We've been using SQLite in production as our exclusive means for getting bytes t...

gfody · on Dec 29, 2021

> It is my understanding that something about not having to take a network hop and being able to directly invoke the database methods makes a huge difference. Are you able to execute queries and reliably receive results within microseconds with your current database setup?

with SQL Server you can get a very fast local connection by specify "server=(local)" in the connection string - this uses shared memory protocol bypassing the net stack.

bob1029 · on Dec 29, 2021

This is true - The counterpoint is that now you have this leviathan that is the SQL Server process(es) running on the same machine as the application.

If I am constraining my SQL Server usage to fit on 1 box, I might as well use SQLite (assuming no future plans for horizontal scaling).

devwastaken · on Dec 30, 2021

How is this handling privledge separation? Typically you'd have all accesses as root in SQLite.

usrbinbash · on Dec 30, 2021

>Typically you'd have all accesses as root in SQLite.

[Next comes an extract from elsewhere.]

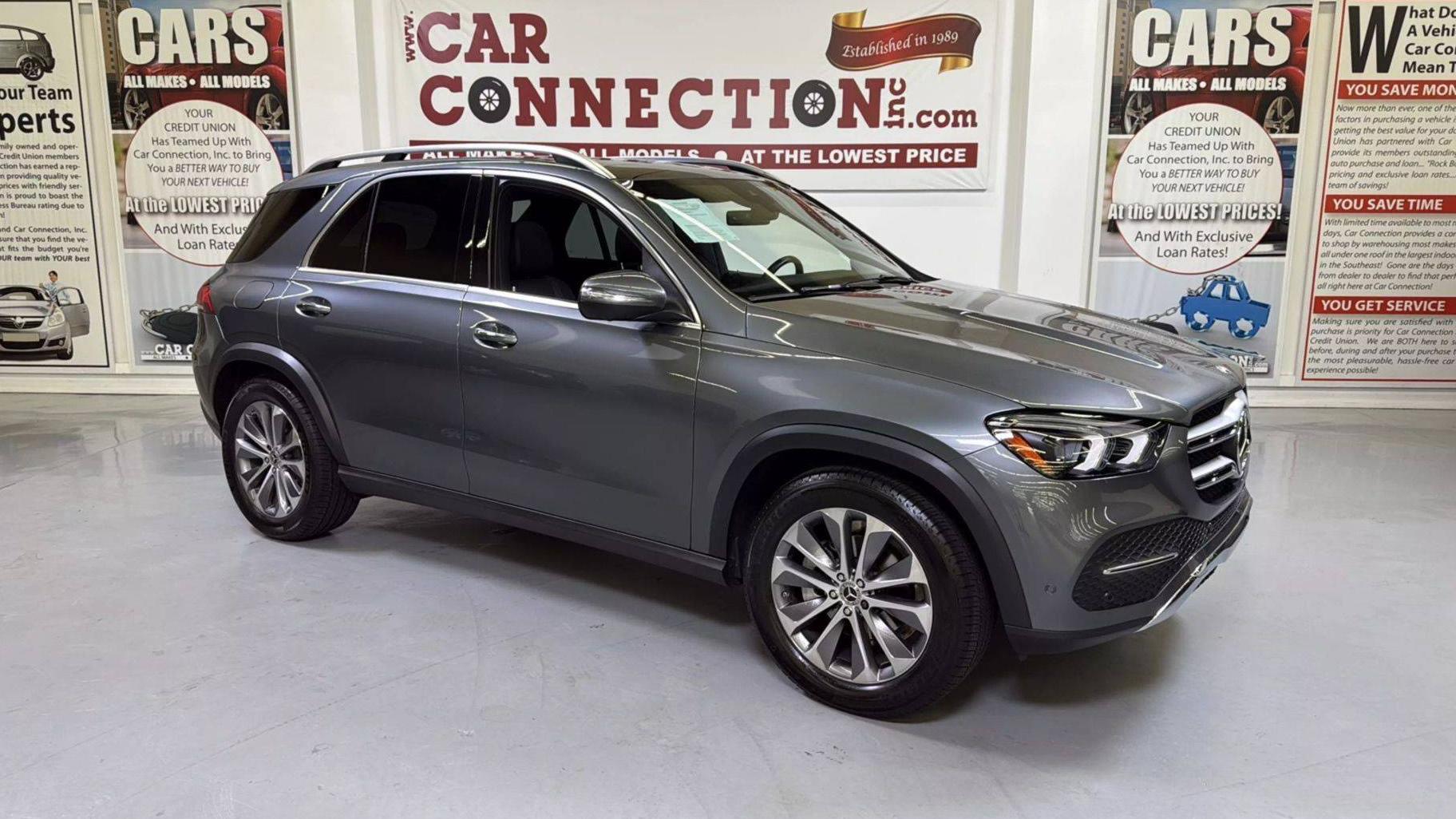 MERCEDES-BENZ GLE-CLASS 2023 4JGFB4KB1PA906264 image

So? It's the backend talking to the db.

devwastaken · on Dec 31, 2021

Systems of least privilege prevent the levels of access exploitation (either vuln or misconfigure) from going further than is risk assessed. Or from "accidents" like a little utility script nuking the database with root privilege. Or having multiple entry points with their own tables of data. That's the difference between "hackers stole X but not Y and Z" and "hackers dumped everything".

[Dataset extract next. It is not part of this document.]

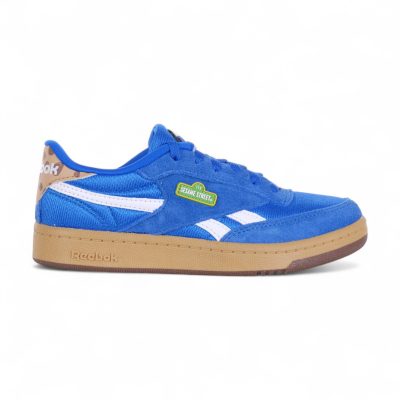 Baskets Reebok x Sesame Street Kids Club C Revenge Bleu/Blanc/Bleu 100245354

Your "backend" should not be assumed to be the infallible security. Outside of limiting DB access procledges, we have proper selinux and other configs to lock down the software abilities so even in the case of Arbitrary code execution caused by a common exploit it may be very difficult to use. This is important when you're running a box with multiple other applications with their own DB's as well.

Infact these reasons are why many times the "backend" software and DB are hardware isolated or at least VM isolated so that those db access limitations aren't bypassed.

hnfong · on Dec 31, 2021

I haven't done anything like this before, but simple FS level file permissions should resolve the issue as long as the data with separate priv requirements is put into different sqlite databases.

chasil · on Dec 29, 2021

Oracle clients can do the same by setting the ORACLE_SID and ORACLE_HOME environment variables.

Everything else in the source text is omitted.